Öte yandan şurası da bir gerçek ki Türkiye’de dış ülke istihbaratlarıyla ilişkili örgütler ve organizasyonlar sadece ABD ile sınırlı değil. Komşularımız İran ve Rusya güdümünde olan besleme örgütleri ve Almanya’nın kullandığı yapıları da unutmamak gerekir. Geçmişten somut bir örnek olması bakımından MTTB’yle ilgili şu anekdot çok manidardır. MTTB 1916 yılında kurulmuş en eski gençlik teşkilatıdır. 1965 yılında MTTB sol görüşlü aydınlanmacıların elinden sağ görüşlü milliyetçi muhafazakârların eline geçtiğinde yeni yönetimi şaşırtan bir gelişme yaşanır. Talebe birliğinin hesabına yüklü miktarda bir para havale edilmiştir. Yeni yönetim bankaya gittiğinde acı gerçeği öğrenir. Para mutad olarak gönderilen bir paradır ve gönderici SSCB hükümetidir. Sovyet döneminden Rusya federasyonu dönemine kadar Türkiye’deki legal illegal sol örgütlerin birçoğunun arkasında doğrudan Rusya’nın ve kısmen de Çin’in olduğunu bilmemiz lazım. Bu ülkeye en fazla zararı vermiş olan ayrılıkçı terör örgütü PKK, yirmi yıl Rusya’nın desteği ile baba Esed tarafından Şam yakınlarındaki Bekaa vadisinde korunup kollanmıştır. Bugün PKK ile stratejik işbirliği yapan başta DHKPC, TİKKO ve benzeri yapıların komşumuz Yunanistan’da ve Belçika, Fransa gibi AB ülkelerinde ve Almanya’nın hamiliğinde korunup kollandığını da unutmayalım.

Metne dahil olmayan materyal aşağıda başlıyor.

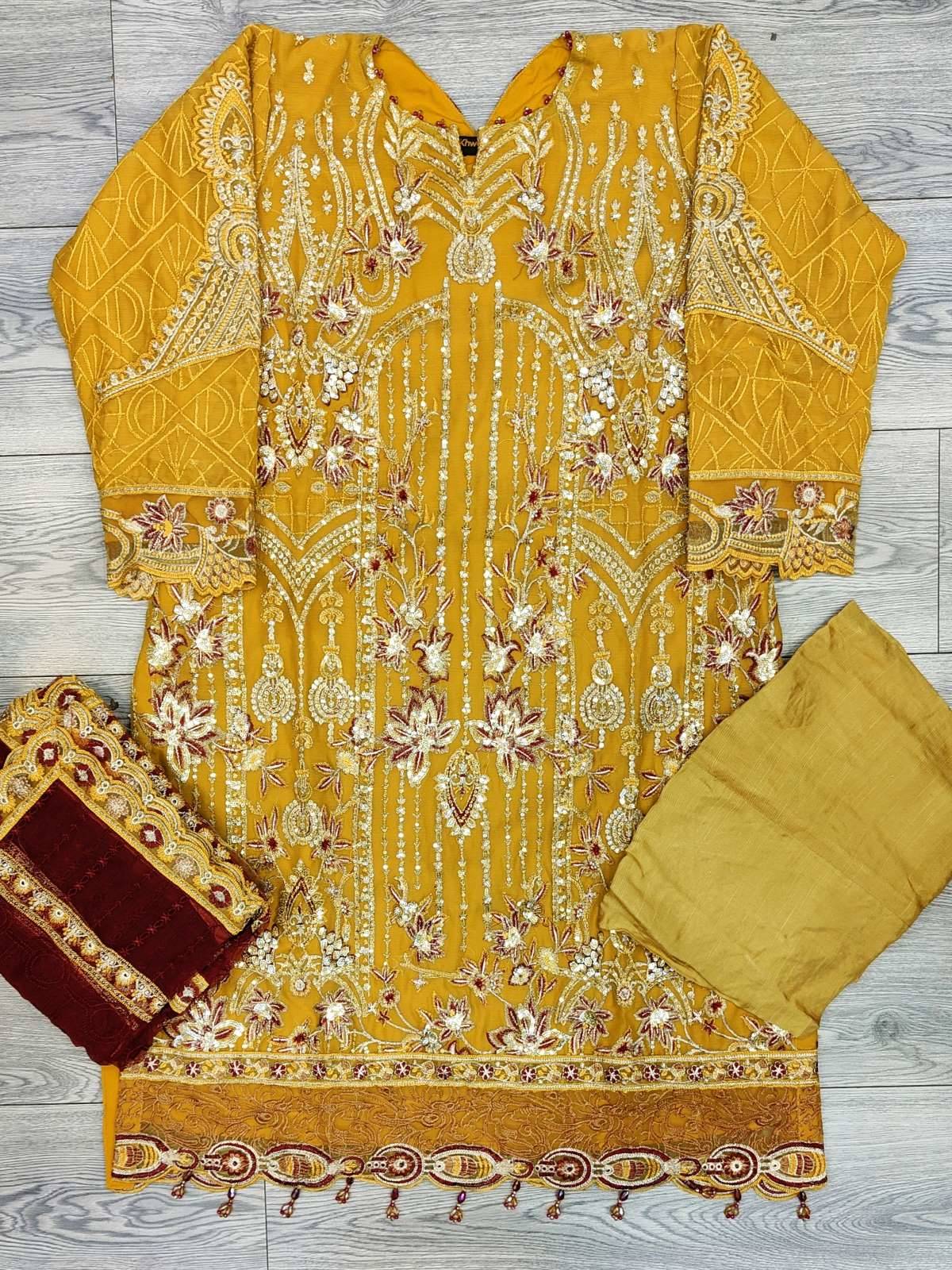 IZK mustard and burgundy colour all over embroidery in chiffon fabric embroidered dupatta in sizes (L to 3XL) womenswear traditional plus size comfort fashion clothing - AdoreByKhwahish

Ve kadim komşumuz İran. Kanaatimce Türkiye’de en fazla besleme örgüt, organizasyon ve yapıyı finanse eden, yönlendiren ülke İran’dır. İran’ın yönlendirdiği yapılar, dindar kesimden sol örgütlere, ulusalcılardan liberallere kadar öyle bir çeşitlilik arz ediyor ki şaşırmamak mümkün değil.
Bu ülkede doğrudan casusluk faaliyeti yapan misyon merkezleri var, o ülkelerin çıkarlarını korumayı görev edinmiş, bunun karşılığında çıkar elde eden nüfuz casusları ve etki ajanları var. Doğrudan dış istihbaratların talimatıyla hareket eden legal ve illegal faaliyet yürüten örgütler var, bunlarla koordineli çalışan medya grupları var ve bunlar kendilerine muhalif diyorlar. Etrafımıza bakıp da bu kadar hain ne ara türedi demeyelim. Ve şunu hiçbir zaman unutmayalım: Bu ülkenin bağımsız olabilmesi için öncelikli olarak bu yüklerden kurtulması lazım.